Thanks to Matt for filling in with some interesting explorations on spin rates the last two weeks. By the way, let me know (email me at firstname.lastname@example.org) if you would like to contribute to the blog with some R baseball exploration — I appreciate the breaks!
Platoon Advantage and Platoon Effects
In my last post, I explored platoon advantage, that is the percentage of times a batter faces a pitcher of the opposite arm. In that post, I talked about an interesting issue when one looks at platoon effects, that is how much better one performs against a pitcher of the opposite arm. The problem is that players with perceived large platoon effects will likely be platooned and they won’t get many opportunities to face pitchers of the same side. So if you do an analysis using players with, say at least 100 PA against each arm, you are eliminating some players with large perceived platoon effects.
To illustrate this issue, let’s look at Ryan Howard, who (I believe) ended his career with the Phillies in the 2016 season. (I have a display of all of the baseball cards of the 2008 World Champion Phillies and Ryan was the last one left on the display who was currently a Phillies player.)
How Much Was Ryan Platooned?
In Ryan’s early seasons, he was a star playing about everyday, so I believe his platoon advantage would be relatively small. But as he aged and declined in hitting performance, things changed. Using Retrosheet data, I graph the fraction of PA’s against pitchers of the opposite arm against season. We see that he was platooned a lot early and late in his career. In his best seasons (2007-2008), his platoon fraction was a little over 60%. In contrast, he was platooned about 90% of the time in 2016.
Ryan’s Platoon Effect
Okay, one would think that Ryan is being platooned since he wasn’t hitting well against left-handed pitchers. Using wOBA is our measure of performance, I graph Ryan’s wOBA against lefties and righties below. The size of the plotting point corresponds to the number of PA’s — this gives you an idea of the platoon advantage.
We know Ryan’s hitting performance showed a steady decline starting with the 2010 season. But what is interesting is that the size of his platoon effect (that is, how much better he performs against pitchers of the opposite arm) appears to be pretty constant in this period of decline. Actually, Ryan’s performance against righties in 2016 was actually lower than his performance against lefties in the early part of his career. Notice the small red dots indicating the small number of PA’s against pitchers of the same arm in the later seasons.
Comparison with Similar Players
Next I wondered if Ryan’s platoon advantage (and decline in overall performance) was similar to that of similar players. After looking at Ryan Howard’s Baseball Reference page and some thought, I came up with Jim Thome, Prince Fielder, and Jason Giambi. All of these players are left-handed sluggers who played about the same time as Howard.
Again, using Retrosheet data, I first looked at the platoon advantage for each of these players. Giambi, Thome, and Howard were all platooned more in their advanced years. Prince Fielder was only platooned heavily in his first season. Generally these patterns of platooning are pretty similar.

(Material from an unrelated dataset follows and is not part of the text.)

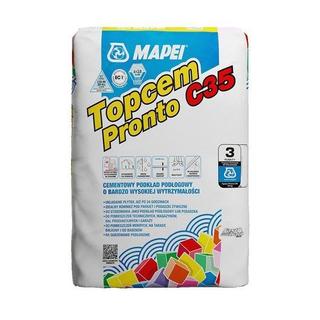 TOPCEM PRONTO C35 25 KG. MAPEI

What about their platoon performances? We’ve already talked about Howard’s large platoon advantage. Giambi, in contrast, did very similar against pitchers of both arms. Thome exhibited a large platoon effect, but I don’t see the decline in overall wOBA performance as severe as that for Howard. Fielder also had a platoon effect, but not as large as that for Howard and Thome.
I think the platoon effect issue deserves further exploration. It seems that most managers believe two things — first, they believe the platoon effect is large which means that they will regularly platoon players to give their team a supposed advantage. Second, they believe that players tend to have the same platoon advantage. I think instead that platoon advantages differ between players, and I would be interested in finding the type of hitters who have modest platoon splits.
Data and R Notes
These graphs were relatively easy to produce from Retrosheet play-by-play data — the key variables in the data frame are BAT_ID (code for the hitter), BAT_HAND_CD (batter side), and PIT_HAND_CD (pitcher side). I have a single data frame that I used with all of the Retrosheet data from seasons 2000 through 2016, over 3 million rows. I used data from a spreadsheet from FanGraphs that provides the weights for computing the wOBA values.